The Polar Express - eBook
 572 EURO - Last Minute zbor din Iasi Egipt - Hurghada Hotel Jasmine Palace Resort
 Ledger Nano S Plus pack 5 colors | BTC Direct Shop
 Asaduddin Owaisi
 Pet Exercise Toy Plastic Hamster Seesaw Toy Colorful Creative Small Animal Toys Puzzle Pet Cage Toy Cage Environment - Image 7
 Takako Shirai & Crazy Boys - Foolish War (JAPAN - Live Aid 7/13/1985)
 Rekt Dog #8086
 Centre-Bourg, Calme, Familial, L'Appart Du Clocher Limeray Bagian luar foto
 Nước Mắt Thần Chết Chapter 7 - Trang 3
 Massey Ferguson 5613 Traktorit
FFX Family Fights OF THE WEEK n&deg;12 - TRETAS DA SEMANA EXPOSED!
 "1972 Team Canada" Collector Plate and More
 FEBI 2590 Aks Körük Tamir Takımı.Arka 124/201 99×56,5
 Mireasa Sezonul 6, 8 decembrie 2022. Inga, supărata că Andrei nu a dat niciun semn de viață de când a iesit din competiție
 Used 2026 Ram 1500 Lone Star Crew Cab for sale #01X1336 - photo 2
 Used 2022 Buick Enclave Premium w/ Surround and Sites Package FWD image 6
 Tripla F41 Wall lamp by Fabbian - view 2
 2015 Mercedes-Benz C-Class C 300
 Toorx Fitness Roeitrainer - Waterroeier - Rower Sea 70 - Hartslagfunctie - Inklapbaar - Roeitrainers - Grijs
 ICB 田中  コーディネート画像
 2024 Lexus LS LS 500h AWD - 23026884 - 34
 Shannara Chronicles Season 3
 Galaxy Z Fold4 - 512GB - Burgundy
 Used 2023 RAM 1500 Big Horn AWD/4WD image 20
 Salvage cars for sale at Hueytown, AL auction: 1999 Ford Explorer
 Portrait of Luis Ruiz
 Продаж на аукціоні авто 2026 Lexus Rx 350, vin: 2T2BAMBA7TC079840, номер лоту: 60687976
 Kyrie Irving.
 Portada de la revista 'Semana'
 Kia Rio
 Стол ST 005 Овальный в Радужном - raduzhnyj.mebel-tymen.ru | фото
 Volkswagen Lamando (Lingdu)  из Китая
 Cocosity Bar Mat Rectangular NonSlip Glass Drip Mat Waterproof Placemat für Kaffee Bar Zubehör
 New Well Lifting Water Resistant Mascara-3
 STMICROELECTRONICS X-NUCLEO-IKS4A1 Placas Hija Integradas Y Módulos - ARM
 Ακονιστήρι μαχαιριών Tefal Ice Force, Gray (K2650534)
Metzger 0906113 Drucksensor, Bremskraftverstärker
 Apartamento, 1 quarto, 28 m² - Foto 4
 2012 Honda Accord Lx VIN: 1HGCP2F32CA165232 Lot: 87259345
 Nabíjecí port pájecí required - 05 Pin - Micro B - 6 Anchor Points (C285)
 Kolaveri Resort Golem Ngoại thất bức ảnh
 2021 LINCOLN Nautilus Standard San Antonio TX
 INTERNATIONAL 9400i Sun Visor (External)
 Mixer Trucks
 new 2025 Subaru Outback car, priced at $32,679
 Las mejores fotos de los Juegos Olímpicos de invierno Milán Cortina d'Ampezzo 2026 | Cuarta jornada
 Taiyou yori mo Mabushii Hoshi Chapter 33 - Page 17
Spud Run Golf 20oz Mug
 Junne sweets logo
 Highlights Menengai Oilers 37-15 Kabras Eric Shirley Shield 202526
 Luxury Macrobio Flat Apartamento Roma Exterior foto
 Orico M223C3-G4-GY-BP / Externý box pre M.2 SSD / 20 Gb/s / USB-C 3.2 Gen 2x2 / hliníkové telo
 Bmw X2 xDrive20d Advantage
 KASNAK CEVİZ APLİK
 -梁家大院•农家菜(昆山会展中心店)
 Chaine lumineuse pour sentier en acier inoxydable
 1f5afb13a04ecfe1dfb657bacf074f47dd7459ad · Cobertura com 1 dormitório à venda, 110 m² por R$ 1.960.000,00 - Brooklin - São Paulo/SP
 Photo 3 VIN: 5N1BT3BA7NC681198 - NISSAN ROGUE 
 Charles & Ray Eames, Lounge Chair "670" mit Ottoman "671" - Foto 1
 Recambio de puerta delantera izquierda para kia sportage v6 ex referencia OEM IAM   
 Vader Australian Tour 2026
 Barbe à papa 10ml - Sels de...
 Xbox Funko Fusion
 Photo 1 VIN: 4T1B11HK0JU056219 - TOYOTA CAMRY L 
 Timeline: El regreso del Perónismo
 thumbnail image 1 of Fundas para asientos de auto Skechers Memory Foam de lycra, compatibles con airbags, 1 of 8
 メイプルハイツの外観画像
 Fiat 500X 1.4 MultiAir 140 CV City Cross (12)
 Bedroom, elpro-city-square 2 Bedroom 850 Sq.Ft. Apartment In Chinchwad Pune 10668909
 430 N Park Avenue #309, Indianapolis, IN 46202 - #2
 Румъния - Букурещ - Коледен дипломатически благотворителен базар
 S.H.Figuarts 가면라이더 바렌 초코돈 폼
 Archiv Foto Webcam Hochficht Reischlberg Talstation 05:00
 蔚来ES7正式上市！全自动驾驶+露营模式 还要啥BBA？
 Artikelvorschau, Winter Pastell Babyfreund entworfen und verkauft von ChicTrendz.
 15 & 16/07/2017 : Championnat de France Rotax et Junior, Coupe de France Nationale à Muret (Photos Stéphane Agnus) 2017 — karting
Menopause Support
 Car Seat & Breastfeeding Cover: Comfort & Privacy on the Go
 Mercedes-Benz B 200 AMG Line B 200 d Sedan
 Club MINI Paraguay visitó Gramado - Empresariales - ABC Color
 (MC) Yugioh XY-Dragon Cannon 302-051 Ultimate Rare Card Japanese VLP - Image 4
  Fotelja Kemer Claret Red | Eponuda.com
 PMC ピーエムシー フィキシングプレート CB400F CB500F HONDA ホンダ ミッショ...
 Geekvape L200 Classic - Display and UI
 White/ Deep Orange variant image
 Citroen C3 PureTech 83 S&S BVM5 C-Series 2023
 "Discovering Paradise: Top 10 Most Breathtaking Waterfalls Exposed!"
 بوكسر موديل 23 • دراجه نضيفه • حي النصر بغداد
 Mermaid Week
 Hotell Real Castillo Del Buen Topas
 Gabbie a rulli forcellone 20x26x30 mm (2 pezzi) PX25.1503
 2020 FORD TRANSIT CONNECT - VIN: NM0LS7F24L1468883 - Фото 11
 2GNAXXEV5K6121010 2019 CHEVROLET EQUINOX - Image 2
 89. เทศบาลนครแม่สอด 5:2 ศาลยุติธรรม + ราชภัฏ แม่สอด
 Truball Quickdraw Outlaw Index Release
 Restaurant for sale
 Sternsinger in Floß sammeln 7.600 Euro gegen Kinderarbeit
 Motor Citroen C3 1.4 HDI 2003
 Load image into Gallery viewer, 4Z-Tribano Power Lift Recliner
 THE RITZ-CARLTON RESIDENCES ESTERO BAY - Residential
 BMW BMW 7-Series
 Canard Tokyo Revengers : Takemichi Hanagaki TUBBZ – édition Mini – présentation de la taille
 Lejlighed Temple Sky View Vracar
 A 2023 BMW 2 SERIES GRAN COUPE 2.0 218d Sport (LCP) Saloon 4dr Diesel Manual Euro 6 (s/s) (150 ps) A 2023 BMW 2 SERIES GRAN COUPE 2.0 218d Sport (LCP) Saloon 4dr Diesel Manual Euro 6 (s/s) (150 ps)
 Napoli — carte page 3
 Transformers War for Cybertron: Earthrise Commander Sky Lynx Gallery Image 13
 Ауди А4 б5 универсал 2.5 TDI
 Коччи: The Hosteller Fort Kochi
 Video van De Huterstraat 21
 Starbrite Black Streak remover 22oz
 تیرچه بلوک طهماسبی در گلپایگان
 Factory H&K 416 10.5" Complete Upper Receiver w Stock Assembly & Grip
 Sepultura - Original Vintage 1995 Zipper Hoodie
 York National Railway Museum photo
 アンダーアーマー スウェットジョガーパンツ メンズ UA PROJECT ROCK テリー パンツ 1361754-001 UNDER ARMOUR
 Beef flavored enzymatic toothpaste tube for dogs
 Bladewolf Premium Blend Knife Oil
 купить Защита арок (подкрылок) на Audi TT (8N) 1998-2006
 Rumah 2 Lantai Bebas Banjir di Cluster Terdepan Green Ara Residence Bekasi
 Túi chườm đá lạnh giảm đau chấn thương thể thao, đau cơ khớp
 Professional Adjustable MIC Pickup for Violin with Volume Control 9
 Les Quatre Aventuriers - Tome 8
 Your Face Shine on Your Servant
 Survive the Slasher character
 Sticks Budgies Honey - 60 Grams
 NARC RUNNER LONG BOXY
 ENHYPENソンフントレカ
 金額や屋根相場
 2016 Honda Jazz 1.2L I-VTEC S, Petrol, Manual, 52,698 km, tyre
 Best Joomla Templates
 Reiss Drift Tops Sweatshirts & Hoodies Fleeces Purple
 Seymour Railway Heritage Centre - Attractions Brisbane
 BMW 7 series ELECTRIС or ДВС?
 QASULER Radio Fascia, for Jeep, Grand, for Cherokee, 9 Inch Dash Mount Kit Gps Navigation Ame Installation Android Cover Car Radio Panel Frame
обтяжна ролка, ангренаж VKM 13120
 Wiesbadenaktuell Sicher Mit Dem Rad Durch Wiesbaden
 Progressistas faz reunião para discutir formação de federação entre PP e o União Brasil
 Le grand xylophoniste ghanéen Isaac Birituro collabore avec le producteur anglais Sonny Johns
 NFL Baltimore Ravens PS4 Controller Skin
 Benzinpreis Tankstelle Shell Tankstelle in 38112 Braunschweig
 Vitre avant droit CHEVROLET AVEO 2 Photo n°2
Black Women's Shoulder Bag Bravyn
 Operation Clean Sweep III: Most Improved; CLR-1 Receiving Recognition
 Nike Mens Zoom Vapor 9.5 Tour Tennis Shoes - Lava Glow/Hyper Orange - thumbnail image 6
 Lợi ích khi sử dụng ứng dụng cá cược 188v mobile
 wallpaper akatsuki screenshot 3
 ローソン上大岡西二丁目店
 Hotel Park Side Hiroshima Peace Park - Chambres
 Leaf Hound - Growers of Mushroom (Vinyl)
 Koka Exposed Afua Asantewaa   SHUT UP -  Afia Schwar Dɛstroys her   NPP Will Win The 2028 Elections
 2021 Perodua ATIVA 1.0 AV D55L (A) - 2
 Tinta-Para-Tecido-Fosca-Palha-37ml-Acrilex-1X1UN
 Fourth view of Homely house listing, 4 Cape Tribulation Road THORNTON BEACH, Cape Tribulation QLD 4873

----------------

§ **Task description**: Retype only the lines above between the line with "Galaxy Z Fold4 - 512GB - Burgundy" and the line with "Orico M223C3-G4-GY-BP /", counting those two lines as well, and keep every character as it is.

§ **Exercise answer**:
 Galaxy Z Fold4 - 512GB - Burgundy
 Used 2023 RAM 1500 Big Horn AWD/4WD image 20
 Salvage cars for sale at Hueytown, AL auction: 1999 Ford Explorer
 Portrait of Luis Ruiz
 Продаж на аукціоні авто 2026 Lexus Rx 350, vin: 2T2BAMBA7TC079840, номер лоту: 60687976
 Kyrie Irving.
 Portada de la revista 'Semana'
 Kia Rio
 Стол ST 005 Овальный в Радужном - raduzhnyj.mebel-tymen.ru | фото
 Volkswagen Lamando (Lingdu)  из Китая
 Cocosity Bar Mat Rectangular NonSlip Glass Drip Mat Waterproof Placemat für Kaffee Bar Zubehör
 New Well Lifting Water Resistant Mascara-3
 STMICROELECTRONICS X-NUCLEO-IKS4A1 Placas Hija Integradas Y Módulos - ARM
 Ακονιστήρι μαχαιριών Tefal Ice Force, Gray (K2650534)
Metzger 0906113 Drucksensor, Bremskraftverstärker
 Apartamento, 1 quarto, 28 m² - Foto 4
 2012 Honda Accord Lx VIN: 1HGCP2F32CA165232 Lot: 87259345
 Nabíjecí port pájecí required - 05 Pin - Micro B - 6 Anchor Points (C285)
 Kolaveri Resort Golem Ngoại thất bức ảnh
 2021 LINCOLN Nautilus Standard San Antonio TX
 INTERNATIONAL 9400i Sun Visor (External)
 Mixer Trucks
 new 2025 Subaru Outback car, priced at $32,679
 Las mejores fotos de los Juegos Olímpicos de invierno Milán Cortina d'Ampezzo 2026 | Cuarta jornada
 Taiyou yori mo Mabushii Hoshi Chapter 33 - Page 17
Spud Run Golf 20oz Mug
 Junne sweets logo
 Highlights Menengai Oilers 37-15 Kabras Eric Shirley Shield 202526
 Luxury Macrobio Flat Apartamento Roma Exterior foto
 Orico M223C3-G4-GY-BP / Externý box pre M.2 SSD / 20 Gb/s / USB-C 3.2 Gen 2x2 / hliníkové telo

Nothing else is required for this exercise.